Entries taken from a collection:

● ● ●

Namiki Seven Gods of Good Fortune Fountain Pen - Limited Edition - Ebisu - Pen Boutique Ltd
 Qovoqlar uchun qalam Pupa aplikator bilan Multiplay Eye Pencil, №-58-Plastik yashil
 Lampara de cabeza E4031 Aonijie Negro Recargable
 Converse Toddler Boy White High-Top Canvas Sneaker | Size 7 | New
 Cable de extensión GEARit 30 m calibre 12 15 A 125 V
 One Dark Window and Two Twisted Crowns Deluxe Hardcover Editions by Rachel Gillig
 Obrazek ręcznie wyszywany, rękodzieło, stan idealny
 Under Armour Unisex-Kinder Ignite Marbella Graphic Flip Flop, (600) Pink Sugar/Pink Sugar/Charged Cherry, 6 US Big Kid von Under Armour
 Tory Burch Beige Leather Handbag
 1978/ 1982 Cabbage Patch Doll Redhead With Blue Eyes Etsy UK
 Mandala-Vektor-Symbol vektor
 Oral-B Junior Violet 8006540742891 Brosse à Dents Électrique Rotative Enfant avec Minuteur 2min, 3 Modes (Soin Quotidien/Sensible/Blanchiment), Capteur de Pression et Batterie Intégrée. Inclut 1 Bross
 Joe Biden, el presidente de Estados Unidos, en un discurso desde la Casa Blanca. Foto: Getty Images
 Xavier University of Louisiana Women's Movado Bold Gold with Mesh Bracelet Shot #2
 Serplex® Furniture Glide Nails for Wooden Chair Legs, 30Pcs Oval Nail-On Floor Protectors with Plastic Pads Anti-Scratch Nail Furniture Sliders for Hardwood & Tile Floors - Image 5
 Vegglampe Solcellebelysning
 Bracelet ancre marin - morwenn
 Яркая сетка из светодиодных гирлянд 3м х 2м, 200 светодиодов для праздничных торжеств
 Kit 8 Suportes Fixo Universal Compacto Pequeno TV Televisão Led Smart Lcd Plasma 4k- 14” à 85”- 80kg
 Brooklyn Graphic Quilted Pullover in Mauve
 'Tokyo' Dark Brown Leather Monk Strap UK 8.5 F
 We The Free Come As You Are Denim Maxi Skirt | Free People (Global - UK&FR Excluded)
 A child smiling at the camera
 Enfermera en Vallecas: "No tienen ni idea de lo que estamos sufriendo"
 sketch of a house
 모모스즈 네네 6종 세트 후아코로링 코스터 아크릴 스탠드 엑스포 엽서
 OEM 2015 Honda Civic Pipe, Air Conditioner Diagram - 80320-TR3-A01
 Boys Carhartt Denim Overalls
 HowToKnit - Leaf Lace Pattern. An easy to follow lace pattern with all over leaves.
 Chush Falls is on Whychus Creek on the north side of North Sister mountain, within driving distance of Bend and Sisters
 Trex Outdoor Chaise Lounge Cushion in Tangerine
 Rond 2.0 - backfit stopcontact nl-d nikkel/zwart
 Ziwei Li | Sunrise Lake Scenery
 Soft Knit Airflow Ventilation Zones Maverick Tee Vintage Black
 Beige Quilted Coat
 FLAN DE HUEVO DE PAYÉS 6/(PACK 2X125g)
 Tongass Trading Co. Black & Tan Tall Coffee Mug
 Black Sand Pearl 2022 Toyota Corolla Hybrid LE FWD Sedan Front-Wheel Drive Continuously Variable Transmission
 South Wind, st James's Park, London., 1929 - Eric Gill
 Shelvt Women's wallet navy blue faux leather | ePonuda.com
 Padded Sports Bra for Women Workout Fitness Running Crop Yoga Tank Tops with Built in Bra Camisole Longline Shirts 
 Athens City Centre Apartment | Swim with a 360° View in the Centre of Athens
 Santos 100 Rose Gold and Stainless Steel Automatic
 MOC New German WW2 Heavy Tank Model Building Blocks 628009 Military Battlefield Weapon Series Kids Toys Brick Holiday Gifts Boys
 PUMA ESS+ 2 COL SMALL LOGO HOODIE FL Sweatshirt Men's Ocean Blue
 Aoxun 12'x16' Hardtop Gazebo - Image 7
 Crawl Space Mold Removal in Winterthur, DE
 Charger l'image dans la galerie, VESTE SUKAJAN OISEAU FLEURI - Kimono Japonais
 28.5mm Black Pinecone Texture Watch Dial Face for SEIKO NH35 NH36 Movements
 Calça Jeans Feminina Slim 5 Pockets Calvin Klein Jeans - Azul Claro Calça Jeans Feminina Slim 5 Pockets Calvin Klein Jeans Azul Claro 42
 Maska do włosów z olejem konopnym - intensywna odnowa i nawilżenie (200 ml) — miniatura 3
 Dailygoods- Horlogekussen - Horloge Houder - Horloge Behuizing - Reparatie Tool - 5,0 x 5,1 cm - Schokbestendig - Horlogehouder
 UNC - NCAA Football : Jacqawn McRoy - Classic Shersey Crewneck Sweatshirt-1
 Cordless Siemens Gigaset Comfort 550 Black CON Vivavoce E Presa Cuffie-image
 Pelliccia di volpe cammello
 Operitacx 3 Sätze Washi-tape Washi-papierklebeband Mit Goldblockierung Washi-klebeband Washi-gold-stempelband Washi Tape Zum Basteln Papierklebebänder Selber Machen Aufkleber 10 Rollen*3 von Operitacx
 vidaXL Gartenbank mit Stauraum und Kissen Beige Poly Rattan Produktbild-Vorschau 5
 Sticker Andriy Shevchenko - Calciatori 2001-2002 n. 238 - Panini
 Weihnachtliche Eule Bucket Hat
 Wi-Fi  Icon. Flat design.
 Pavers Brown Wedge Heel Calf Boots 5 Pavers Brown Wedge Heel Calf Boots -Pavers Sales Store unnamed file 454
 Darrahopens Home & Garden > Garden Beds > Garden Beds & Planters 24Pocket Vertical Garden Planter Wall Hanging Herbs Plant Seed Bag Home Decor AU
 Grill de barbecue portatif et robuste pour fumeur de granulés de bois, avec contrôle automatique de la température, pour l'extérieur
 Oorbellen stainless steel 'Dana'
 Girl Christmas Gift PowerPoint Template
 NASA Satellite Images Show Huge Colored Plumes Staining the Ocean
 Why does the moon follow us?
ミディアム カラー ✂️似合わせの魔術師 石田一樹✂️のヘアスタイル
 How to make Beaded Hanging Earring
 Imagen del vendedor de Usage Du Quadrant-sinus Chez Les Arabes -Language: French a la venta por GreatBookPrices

● ● ●

■ **Task brief**:
The reply should consist solely of the lines above from the one that has "sketch of a house" through the one that has "PUMA ESS+ 2", reproduced exactly.

■ **Expected answer**:
 sketch of a house
 모모스즈 네네 6종 세트 후아코로링 코스터 아크릴 스탠드 엑스포 엽서
 OEM 2015 Honda Civic Pipe, Air Conditioner Diagram - 80320-TR3-A01
 Boys Carhartt Denim Overalls
 HowToKnit - Leaf Lace Pattern. An easy to follow lace pattern with all over leaves.
 Chush Falls is on Whychus Creek on the north side of North Sister mountain, within driving distance of Bend and Sisters
 Trex Outdoor Chaise Lounge Cushion in Tangerine
 Rond 2.0 - backfit stopcontact nl-d nikkel/zwart
 Ziwei Li | Sunrise Lake Scenery
 Soft Knit Airflow Ventilation Zones Maverick Tee Vintage Black
 Beige Quilted Coat
 FLAN DE HUEVO DE PAYÉS 6/(PACK 2X125g)
 Tongass Trading Co. Black & Tan Tall Coffee Mug
 Black Sand Pearl 2022 Toyota Corolla Hybrid LE FWD Sedan Front-Wheel Drive Continuously Variable Transmission
 South Wind, st James's Park, London., 1929 - Eric Gill
 Shelvt Women's wallet navy blue faux leather | ePonuda.com
 Padded Sports Bra for Women Workout Fitness Running Crop Yoga Tank Tops with Built in Bra Camisole Longline Shirts 
 Athens City Centre Apartment | Swim with a 360° View in the Centre of Athens
 Santos 100 Rose Gold and Stainless Steel Automatic
 MOC New German WW2 Heavy Tank Model Building Blocks 628009 Military Battlefield Weapon Series Kids Toys Brick Holiday Gifts Boys
 PUMA ESS+ 2 COL SMALL LOGO HOODIE FL Sweatshirt Men's Ocean Blue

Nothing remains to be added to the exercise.